INSTRUCTIONS FOR THE TASK: Print all the data that follows exactly, images excluded.

DATA BELOW:
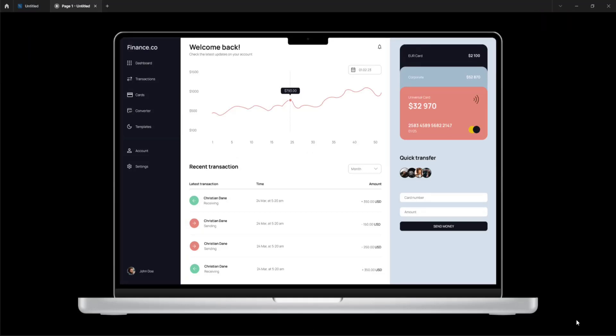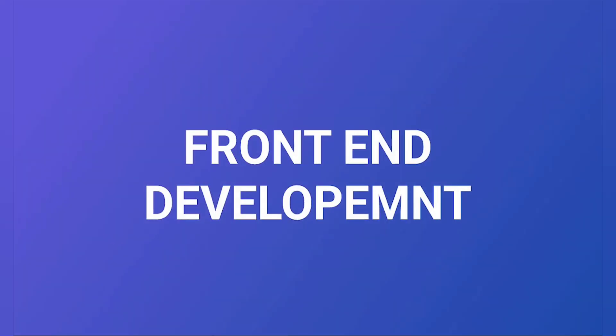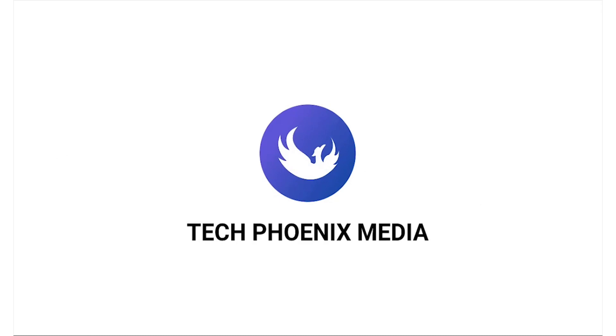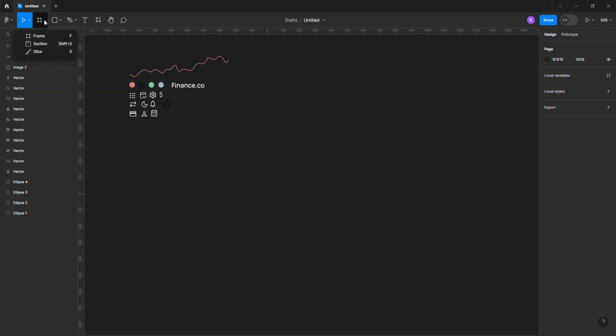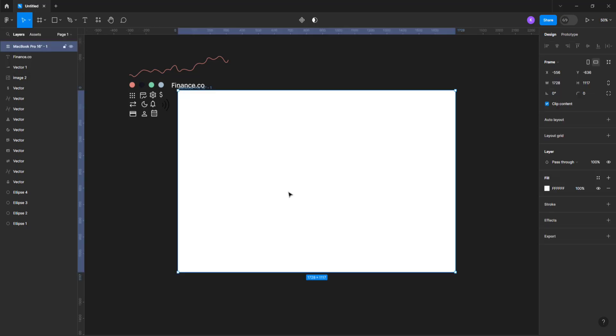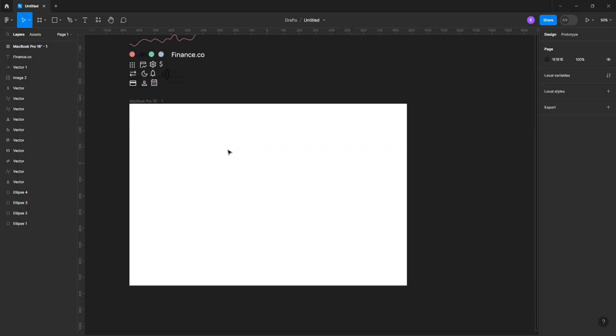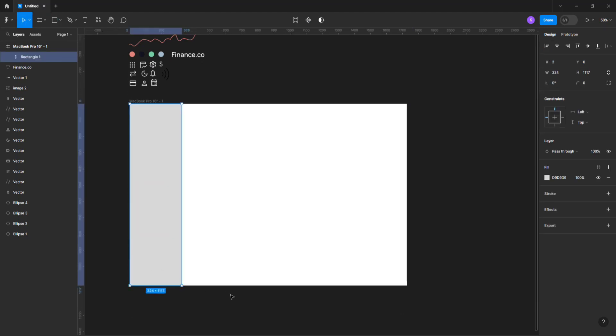Hey guys, in this video I'm gonna show you how to create a finance web app dashboard in Figma. I have already created the needed icons, logo and color palette for this tutorial. I won't be explaining each and every step in this tutorial. So sit back, relax and enjoy the video.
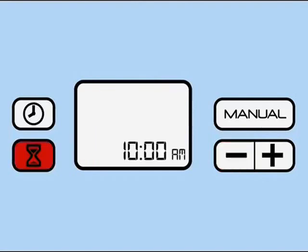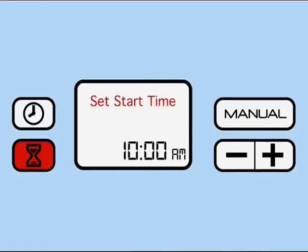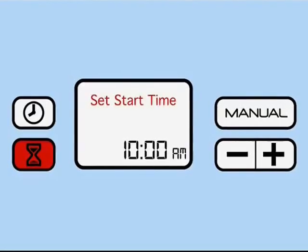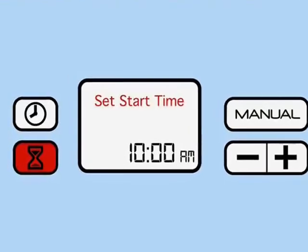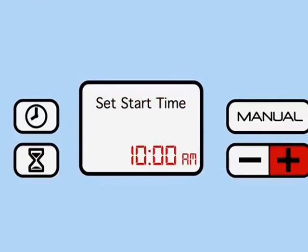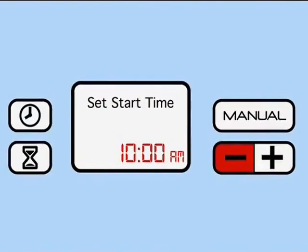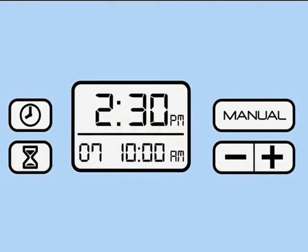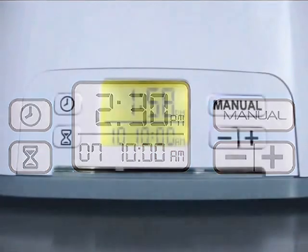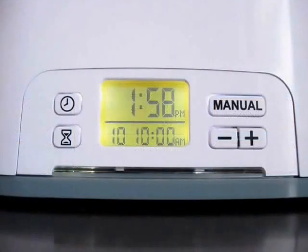Now push the hourglass button once more to set the time of day you'd like your soak clean to begin its cycle. Use the plus or minus button to reach the desired time. Finally, press the hourglass button one last time to store your settings and return to the home screen.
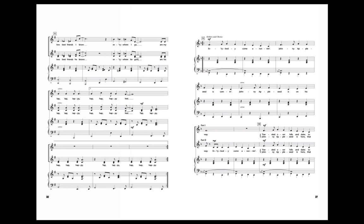Everywhere I go are my tap, tap, tapping, hap, hap, happy feet.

TASK ANSWER:
Hey guys, in this video I'm gonna show you how to create a finance web app dashboard in Figma. I have already created the needed icons, logo and color palette for this tutorial. I won't be explaining each and every step in this tutorial. So sit back, relax and enjoy the video.
Now push the hourglass button once more to set the time of day you'd like your soak clean to begin its cycle. Use the plus or minus button to reach the desired time. Finally, press the hourglass button one last time to store your settings and return to the home screen.
Everywhere I go are my tap, tap, tapping, hap, hap, happy feet.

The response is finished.